Through an exciting partnership with Indspire, a non-profit organization that promotes the development and education of Indigenous people, this donation will attract government matching grants to provide an unprecedented level of support for Indigenous students at York. The funds will be used to expand and develop programming and support services, benefiting a segment of the Indigenous student population that may not normally have access to financial support at the postsecondary education level.
“A significant portion of this target group consists of mature students,” says Randy Pitawanakwat, coordinator of Aboriginal student services at York’s Centre for Aboriginal Student Services. “Some of the monies can also be accessed for important needs such as child care and transportation.”
For Indigenous students like Lisa-Lynn Stewart, a past student award recipient at York, the financial support she received enabled her to focus on her studies and spend more time with her daughter. Despite challenges of being a single mother who relies on the Ontario Student Assistance Program (OSAP) as a sole source of income, Stewart was determined to use her education to improve the life of her family and of Canadian Indigenous people. She is currently completing a bachelor’s degree with honours in Race, Ethnicity and Indigeneity with a minor from the Department of Philosophy, as well as certificates in Anti-Racist Research and Practice and in Indigenous Studies.
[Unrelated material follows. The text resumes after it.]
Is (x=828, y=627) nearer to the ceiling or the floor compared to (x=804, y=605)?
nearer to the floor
Likewise, the far-reaching impact of this gift will offer unique opportunities that are otherwise unthinkable for many graduate students at York. For example, thanks to a scholarship she recently received at the University, Melanie Wilmink, a PhD student of art history and visual culture, was able to focus on her academic pursuits and dream big.
“More than the financial benefits, the recognition has given me the confidence to push much deeper into my research. It’s a clear signal that York sees potential in me and my research, and that the University is as excited as I am about my future role here,” Wilmink says. “With the assistance I received, I look forward to building a solid foundation for my research and continued academic career.”